HOW TO COMPLETE THIS TASK >>
Where the entries below show "Adjustable Twine Plant", begin there and print that line and all following lines exactly, through the last, omitting pictures.

DATA FOR ANALYSIS >>
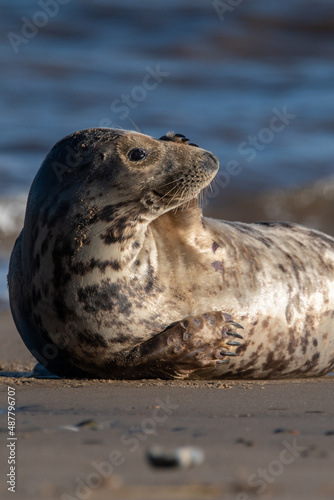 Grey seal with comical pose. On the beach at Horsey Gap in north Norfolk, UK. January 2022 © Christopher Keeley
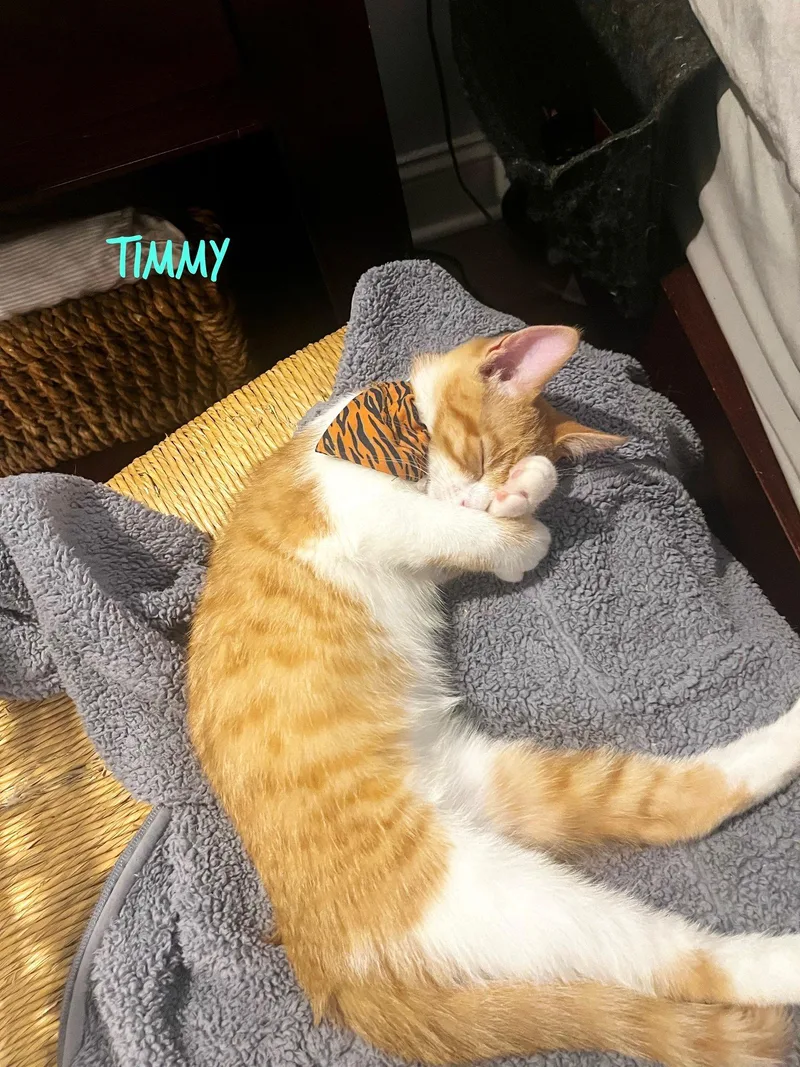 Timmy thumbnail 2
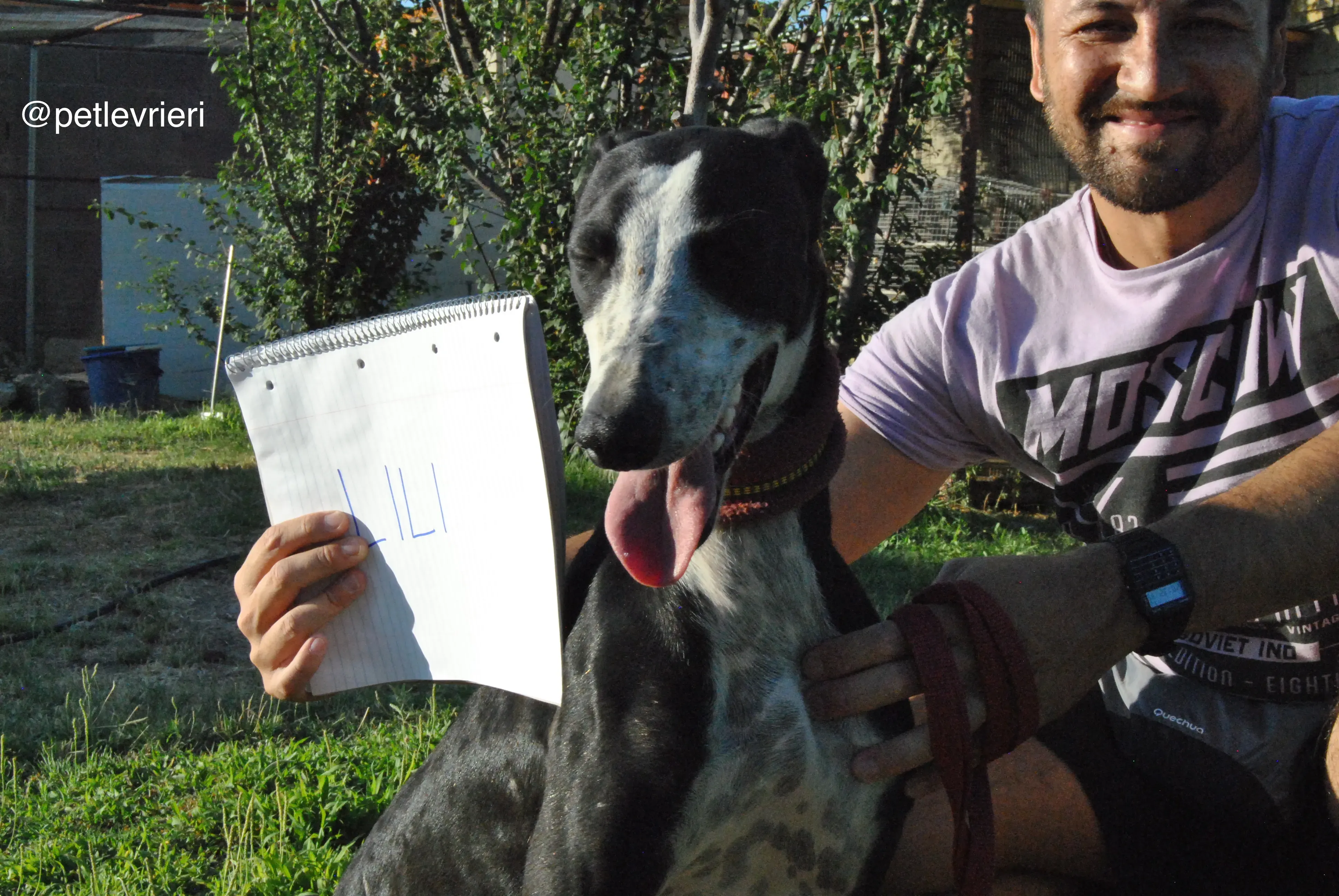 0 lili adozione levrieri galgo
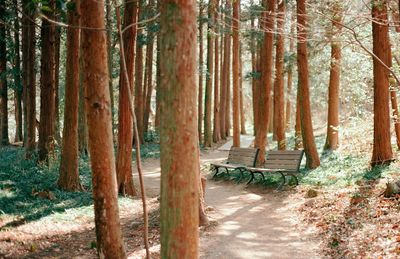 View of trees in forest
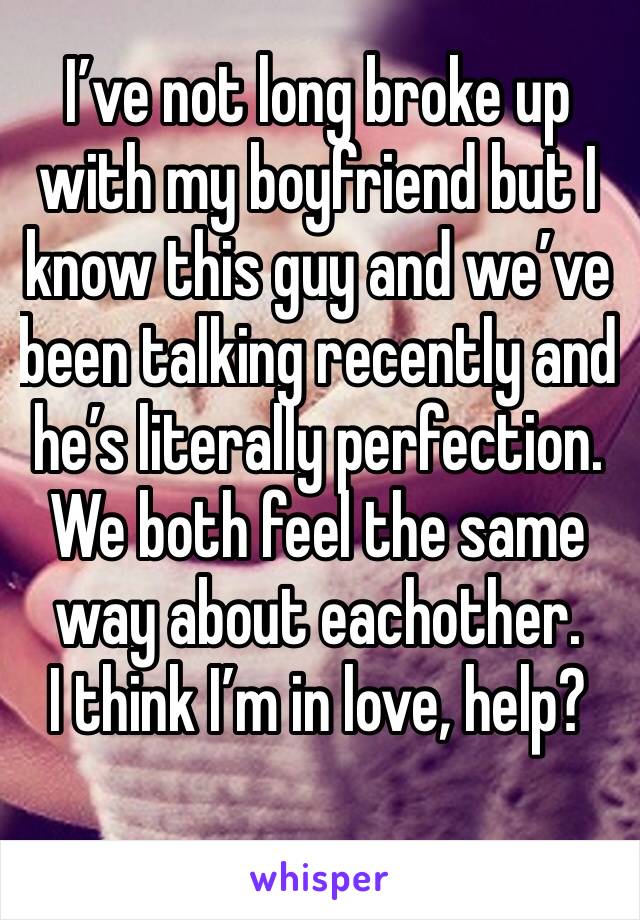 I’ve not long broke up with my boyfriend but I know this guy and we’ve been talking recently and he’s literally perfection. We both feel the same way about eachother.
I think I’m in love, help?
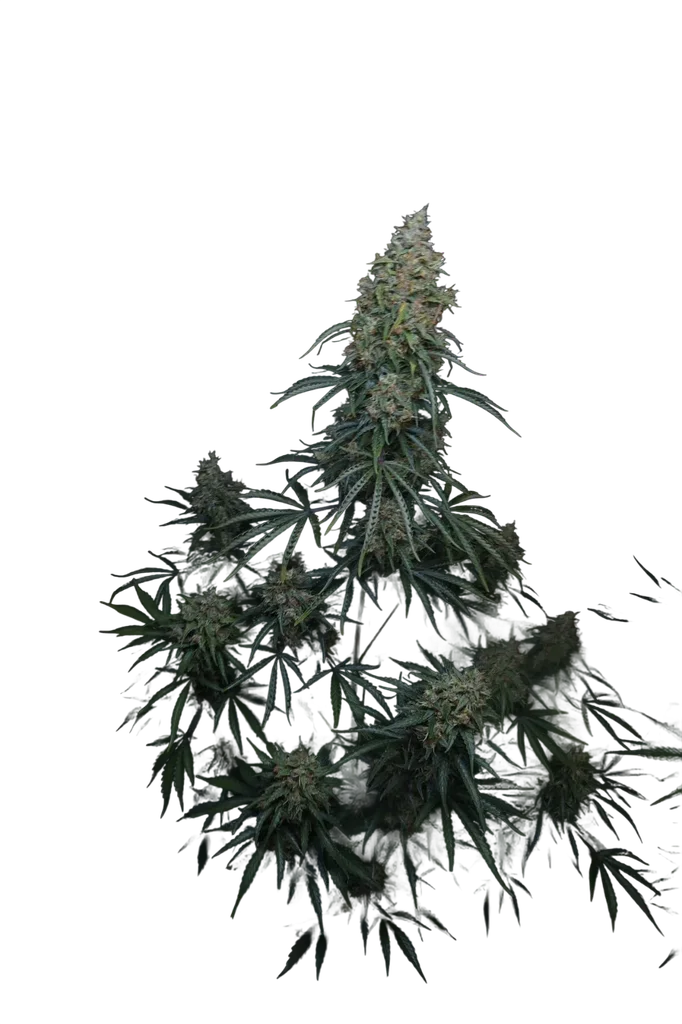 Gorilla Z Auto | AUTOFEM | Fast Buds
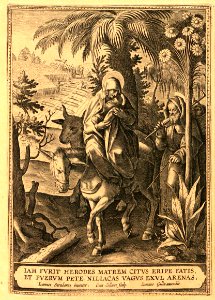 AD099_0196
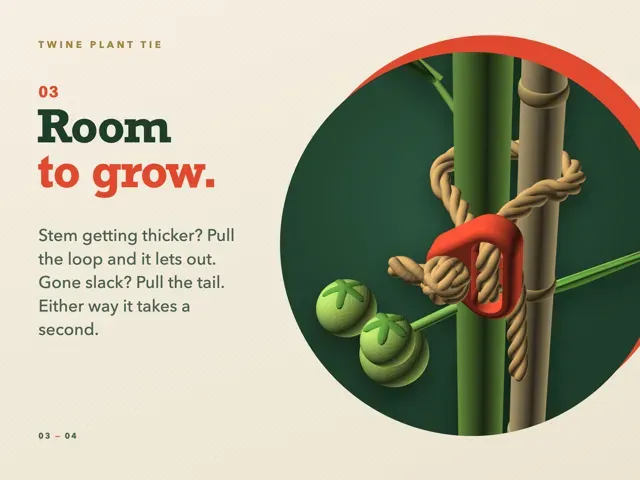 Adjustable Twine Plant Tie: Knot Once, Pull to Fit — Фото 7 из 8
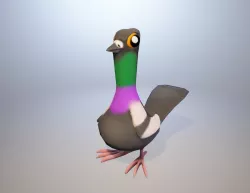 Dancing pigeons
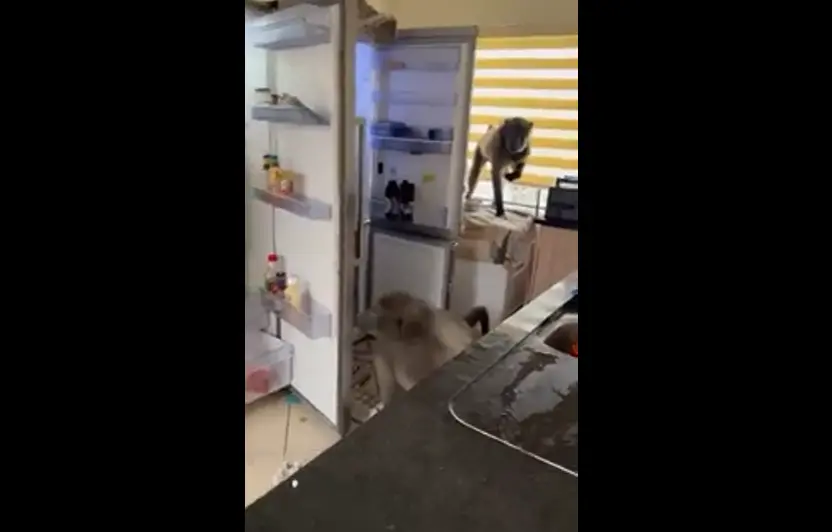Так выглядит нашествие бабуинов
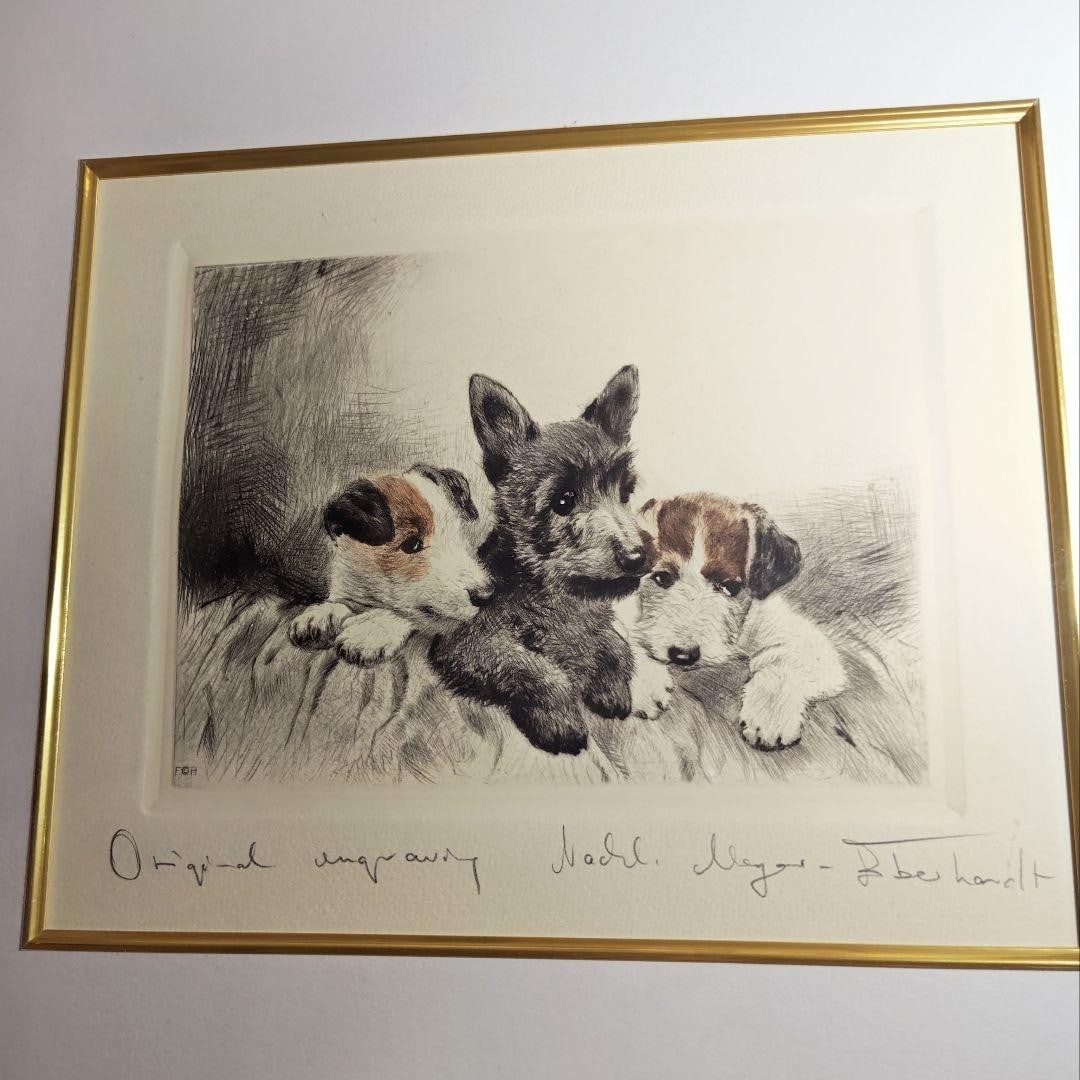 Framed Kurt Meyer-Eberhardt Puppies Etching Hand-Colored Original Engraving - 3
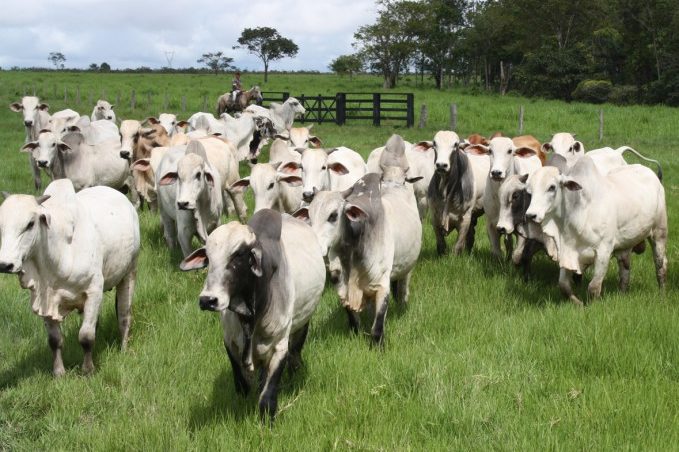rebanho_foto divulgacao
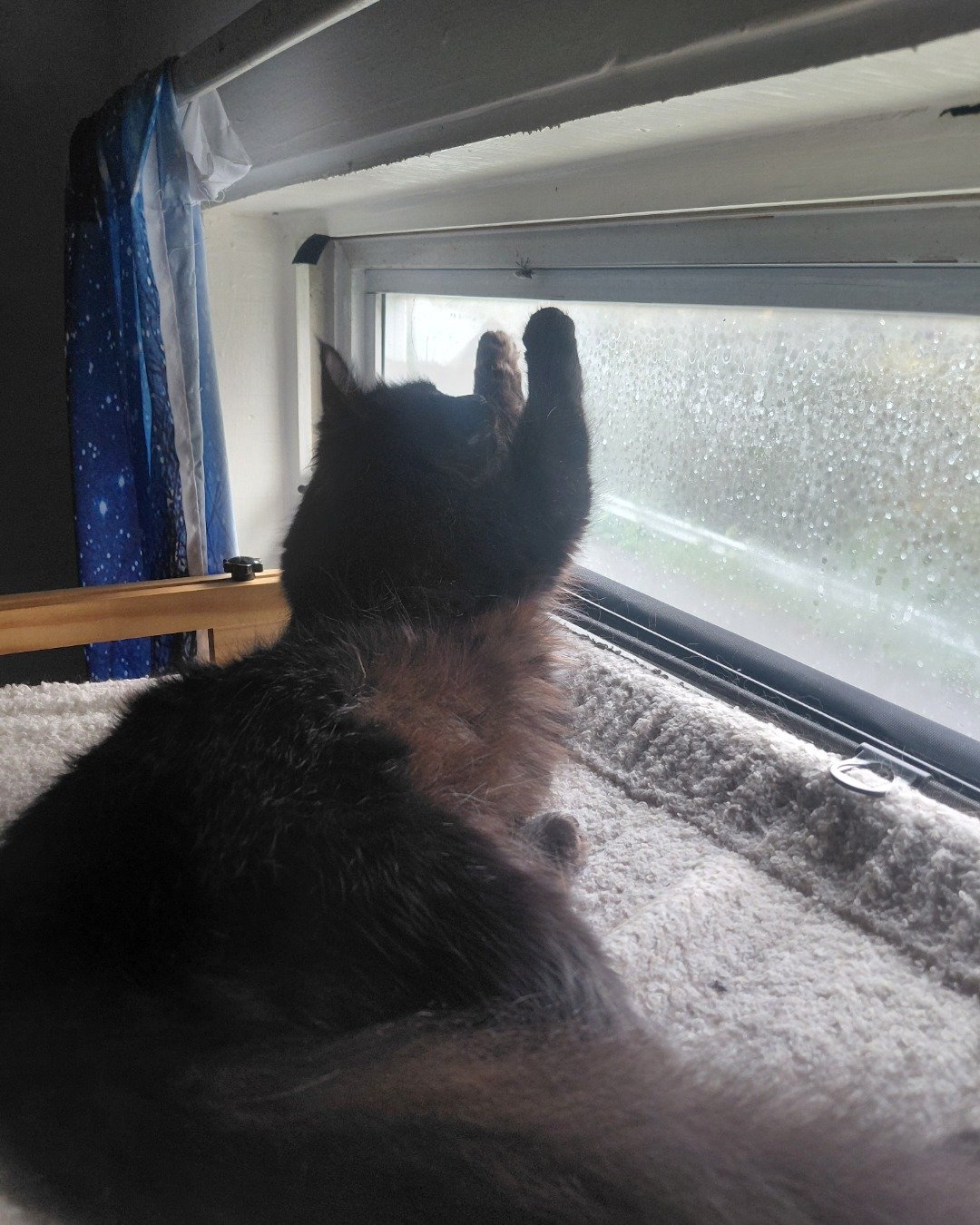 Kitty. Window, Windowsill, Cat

EXERCISE ANSWER >>
 Adjustable Twine Plant Tie: Knot Once, Pull to Fit — Фото 7 из 8
 Dancing pigeons
Так выглядит нашествие бабуинов
 Framed Kurt Meyer-Eberhardt Puppies Etching Hand-Colored Original Engraving - 3
rebanho_foto divulgacao
 Kitty. Window, Windowsill, Cat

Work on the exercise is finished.